From Little Things Big Things Grow (Credit Suisse highlights small stocks' out-performance through time)

"From Little Things Big Things Grow" is a song by Australian singer/songwriters Paul Kelly and Kev Carmody that may have been about an indigenous protest movement but resonates with how we see investing.

The chart below, sourced from the Credit Suisse Global Investment Returns Yearbook 2018 (Summary Edition) is another reminder of the power of growth from a small base.

The authors relied on size-ranked US data from the Center for Research in Security Prices (CRSP) at the University of Chicago Booth School of Business.

The chart shows the long-term performance since 1926. Stocks were split into deciles, with large-caps defined as deciles 1–5, smallcaps as deciles 6–8, and micro-caps as deciles 9–10.

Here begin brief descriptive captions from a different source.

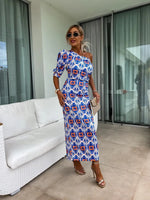Slit Printed Single Shoulder Midi Dress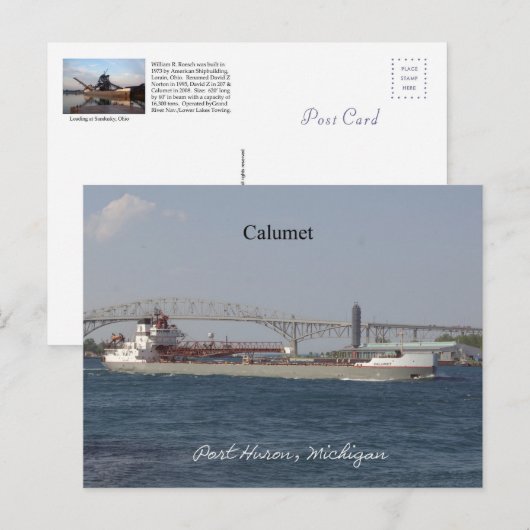Calumet Port Huron-postkaart Briefkaart (Voorkant / Achterkant)
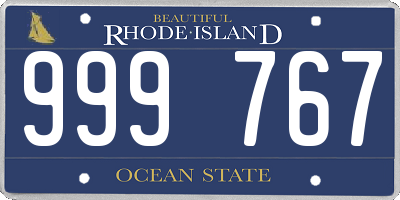 RI license plate 999767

While a dollar invested in larger companies, with dividends reinvested, grew in value to $US5,767, a
similar investment in small-caps gave a terminal value almost seven times greater at $US38,842. Micro-cap stocks did best of all, with an end-2016 value of $US60.276.

The returns on large-cap stocks were an annualised 9.9%, while small- and micro-cap stocks delivered 12.2% and 12.7%, respectively.

The out-performance of smaller stocks is not consistent from year-to-year, however. During 1975–1983, small-caps raced ahead. If this period were omitted, large-caps would have beaten small-caps from 1926 to the late 1990s.